Canopy structure regulates autumn phenology by mediating microclimate in temperate forests

Autumn phenology plays a critical role in shaping the carbon sequestration capacity of temperate forests. Notable local-scale variations in autumn phenology have drawn increasing attention recently, potentially introducing substantial uncertainty when predicting temperate forest productivity. Yet, the underpinning mechanisms driving these variations remain inadequately elucidated. While macroclimate conditions are traditionally recognized as primary determinants of autumn phenology, they fail to explain inter-crown variations occurring within the same macroclimate environment. Here, we hypothesize that canopy structure serves as a key determinant of the local-scale variations of autumn phenology in temperate forests by mediating microclimate conditions. To test this hypothesis, we develope microForest, a novel lightweight forest microclimate model capable of efficiently and accurately predicting under-canopy air temperature at high temporal and spatial resolutions using readily available remote sensing data and meteorological reanalysis products as inputs. Our results reveal significant and consistent relationships between canopy structure and autumn phenology across six temperate forest sites, induced by the regulation effect of canopy structure on microclimate conditions.

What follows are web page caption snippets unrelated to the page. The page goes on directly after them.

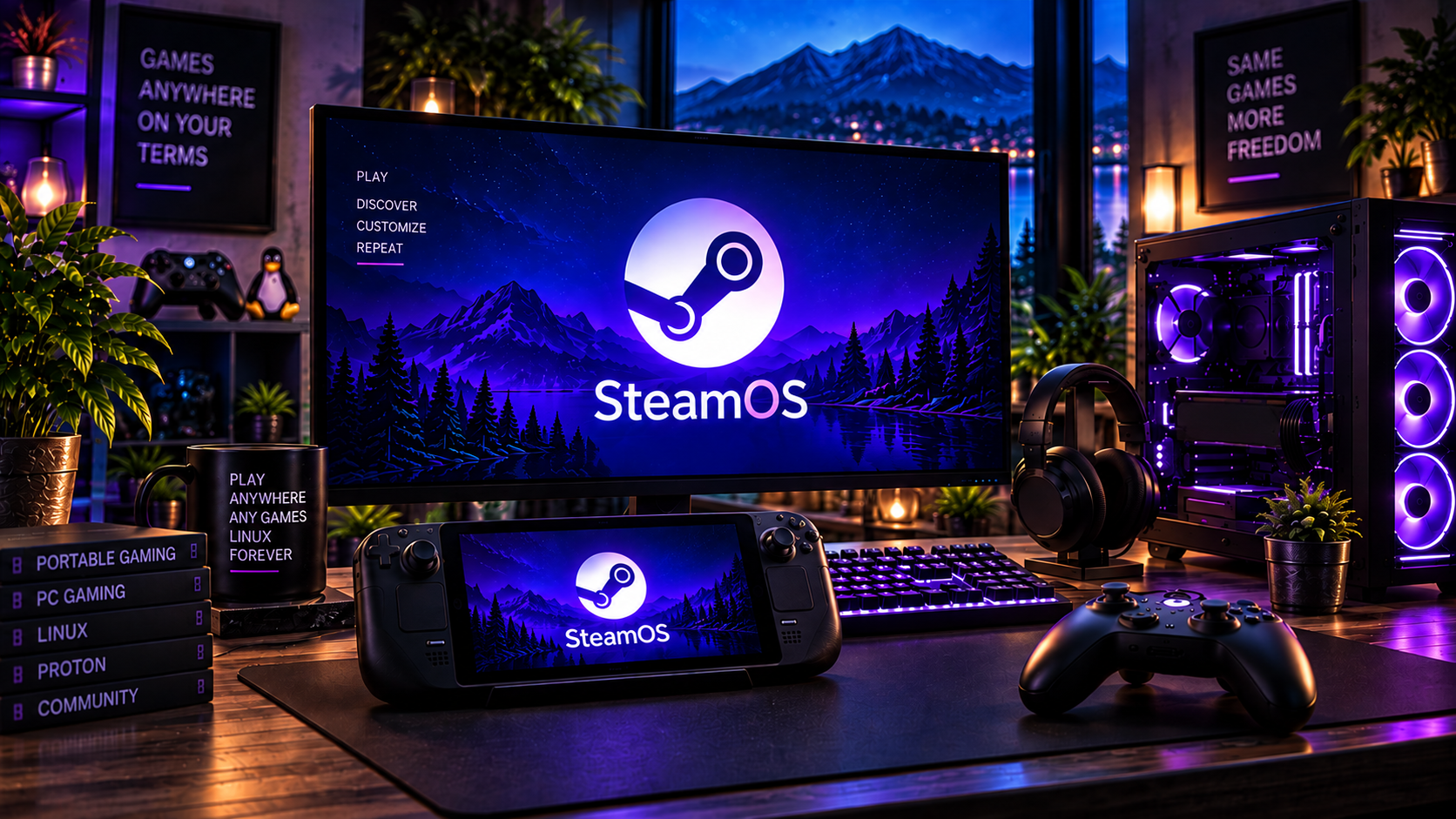 SteamOS logos on a desktop monitor and handheld gaming PC at a purple-lit gaming workstation.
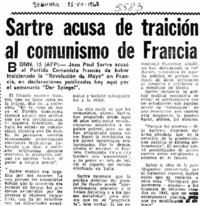 Sartre acusa de traición al comunismo de Francia.
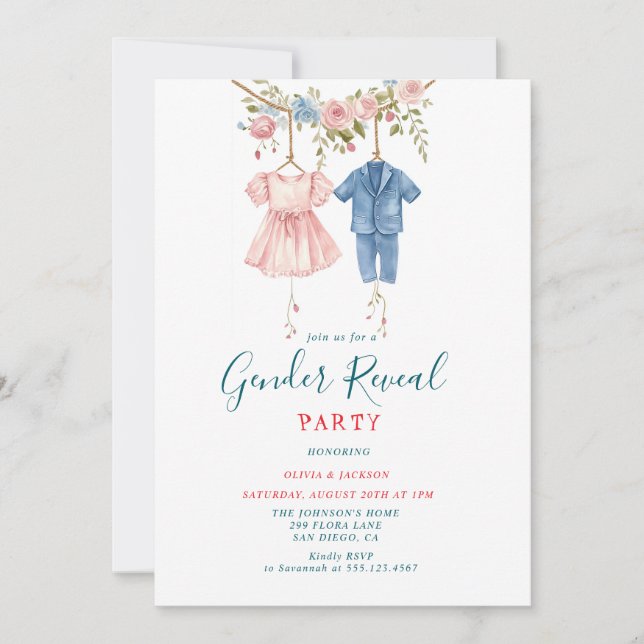 Pink and Blue clothes Gender Reveal Party  Invitation (Front)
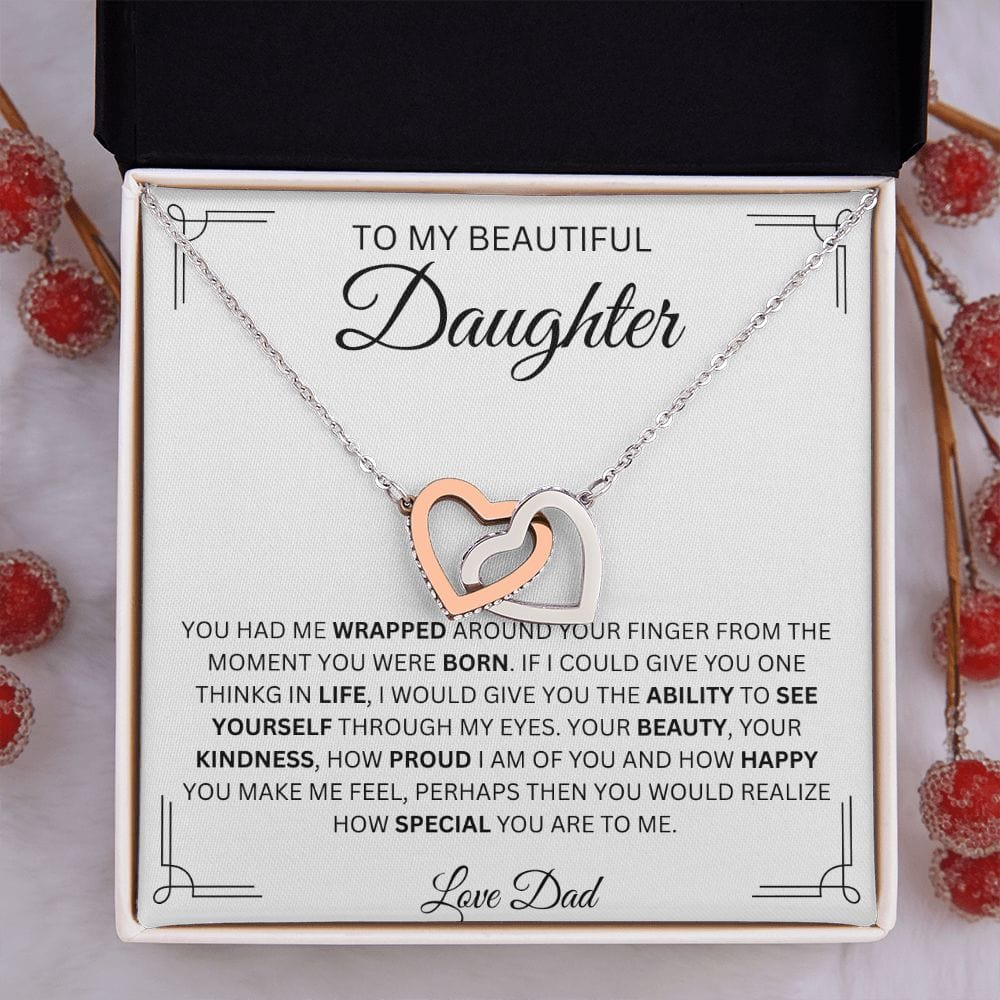 To My Beautiful Daughter Love Dad Interlocking Hearts Necklace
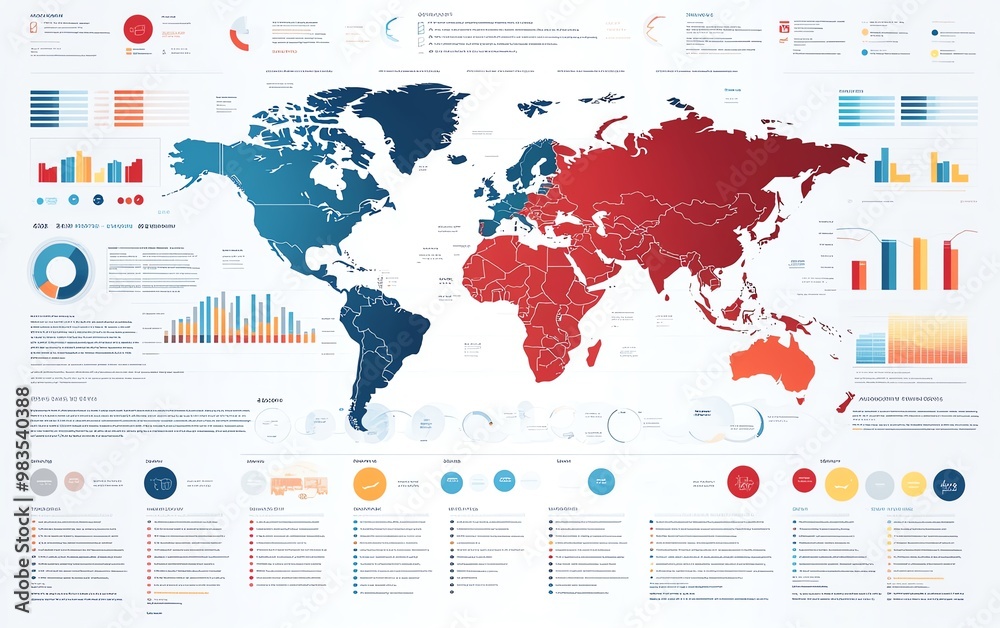 Fototapeta premium Highdetail infographic showcasing colorful statistics, modern design, bar graphs, pie charts, clean layout, data visualization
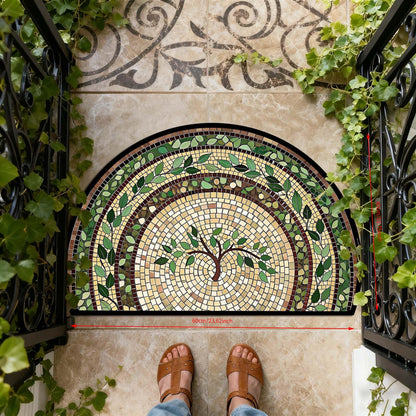 Semicircle Mosaic-Vine Floor Rug with Pictured Green and Cream Pattern in 23.62-by-35.4-Inch Size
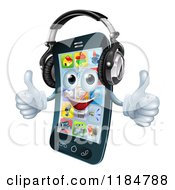 Poster, Art Print Of Pleased Smart Phone Holding Two Thumbs Up And Wearing Headphones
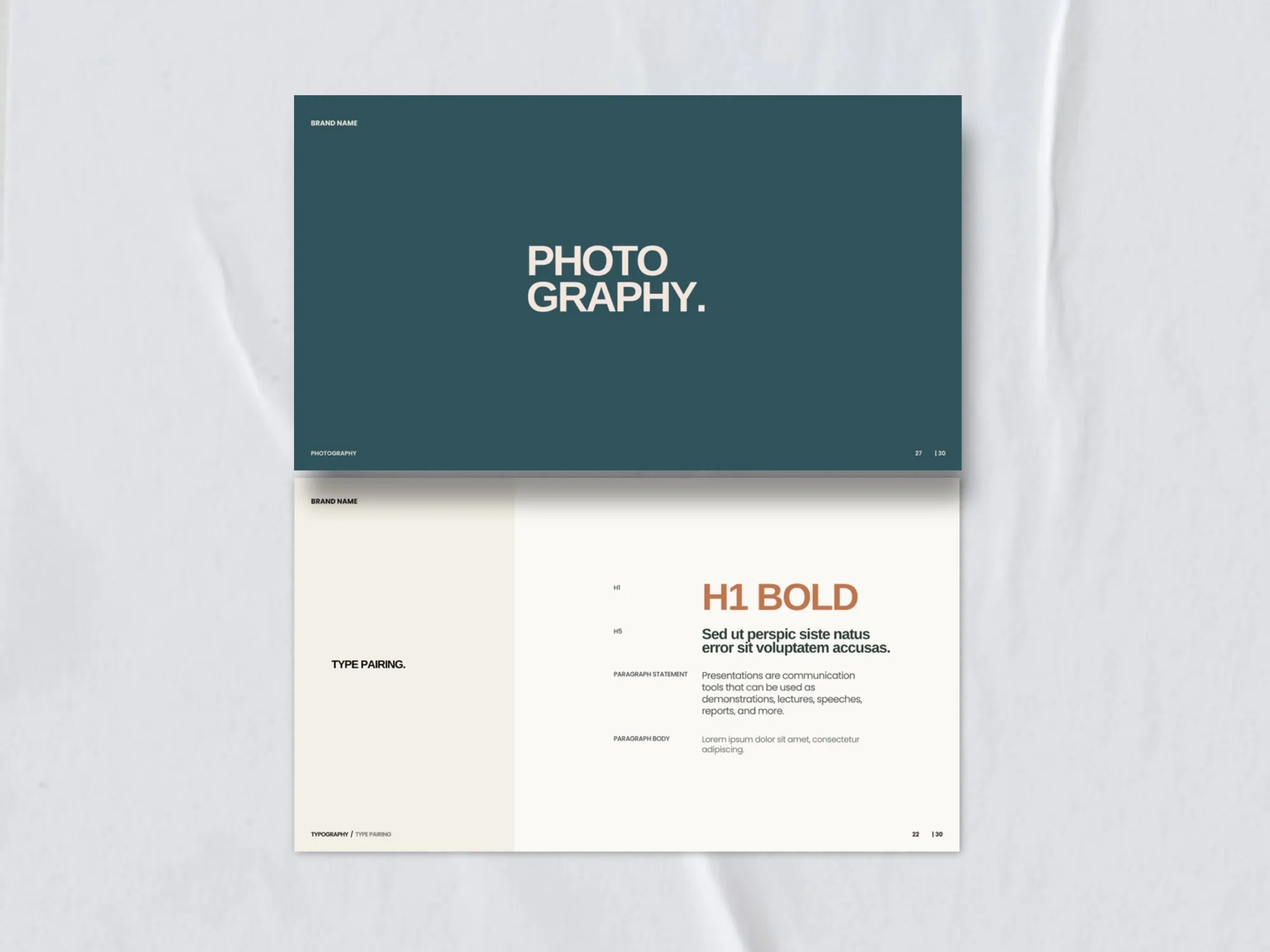 Modern and clean presentation of brand guidelines featuring structured designs to enhance brand consistency for business owners.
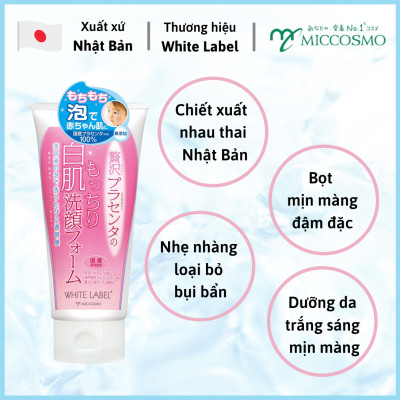 [DƯỠNG TRẮNG CHUYÊN SÂU] Combo Bộ Dưỡng Da Trắng Mịn Nhau Thai Nhật Bản MICCOSMO White Label (Sữa Rửa Mặt 110g + Nước Hoa Hồng 180ml) (CB01)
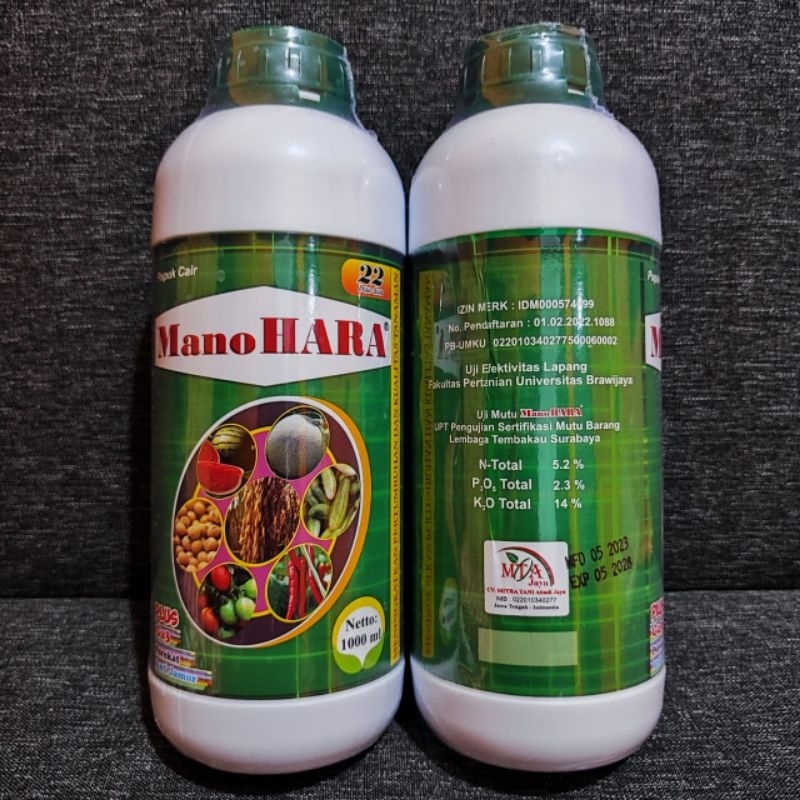 Pupuk Manohara NPK Cair Plus Perekat & Ga3 1 Liter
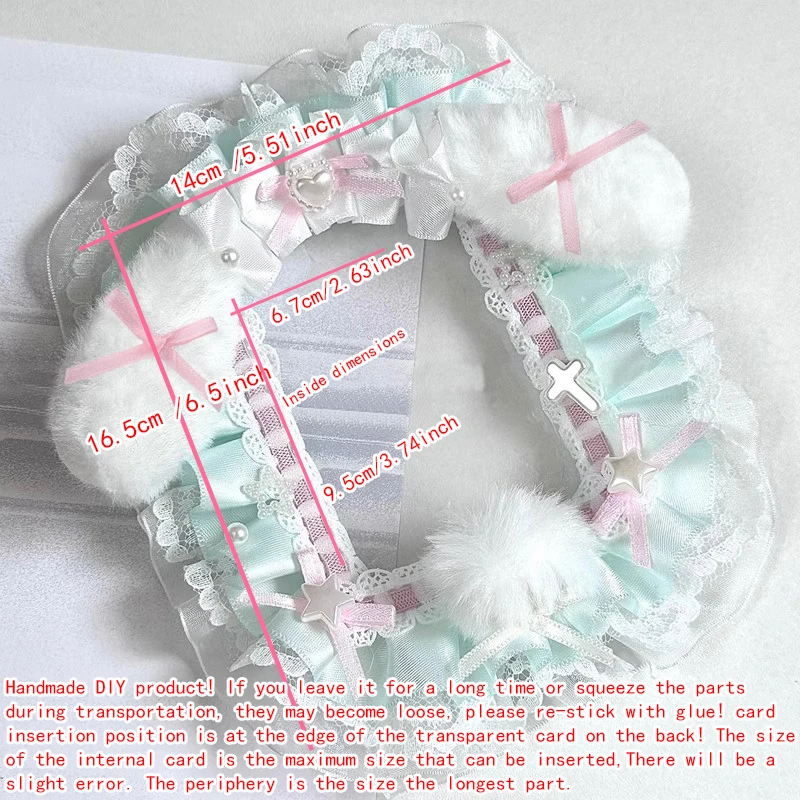 Plush Bunny Ear Pom Pom Star Heart Lace Photocard Display Card Holder Lolita Bow 3 Inch KPOP Photocard Decor Border Macaron Color Polaroid Photo Frame Idol Collection Itabag Decor Ornament photocard t image 6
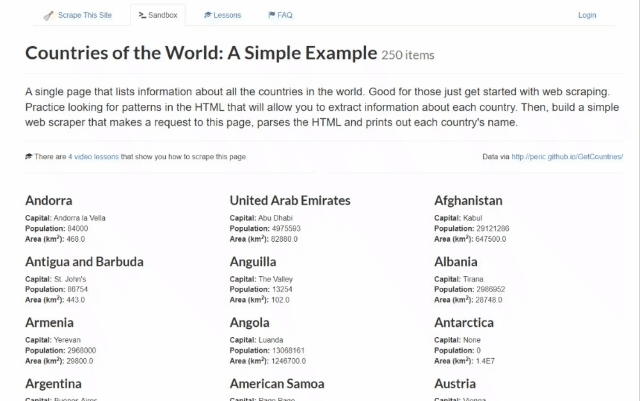 Scrape this site country sandbox page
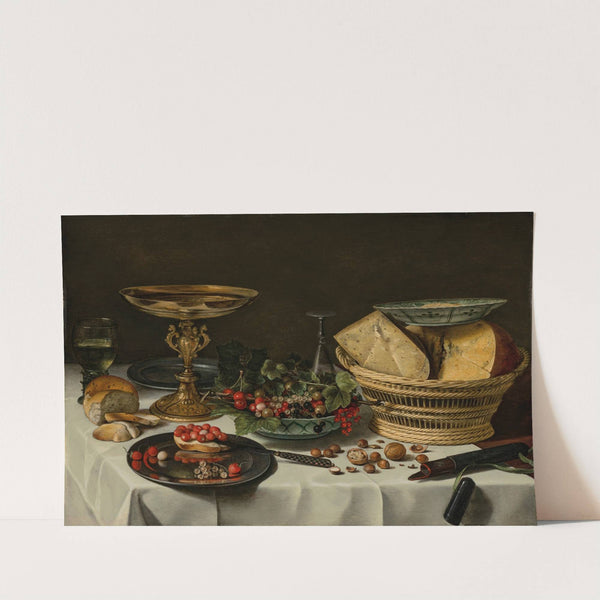 Strawberries, currants and bread on a pewter platter by Pieter Claesz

Incorporating the identified “canopy structure-microclimate-autumn phenology” pathway into existing autumn phenology models significantly improves the prediction accuracy and reduces the projected delay in the start of autumn over the remainder of the century. These findings offer a new perspective for interpreting the local variations of autumn phenology in temperate forests and emphasize the urgent need to integrate the identified pathway into Earth system and vegetation models, especially considering the asynchronous changes of macroclimate and microclimate conditions.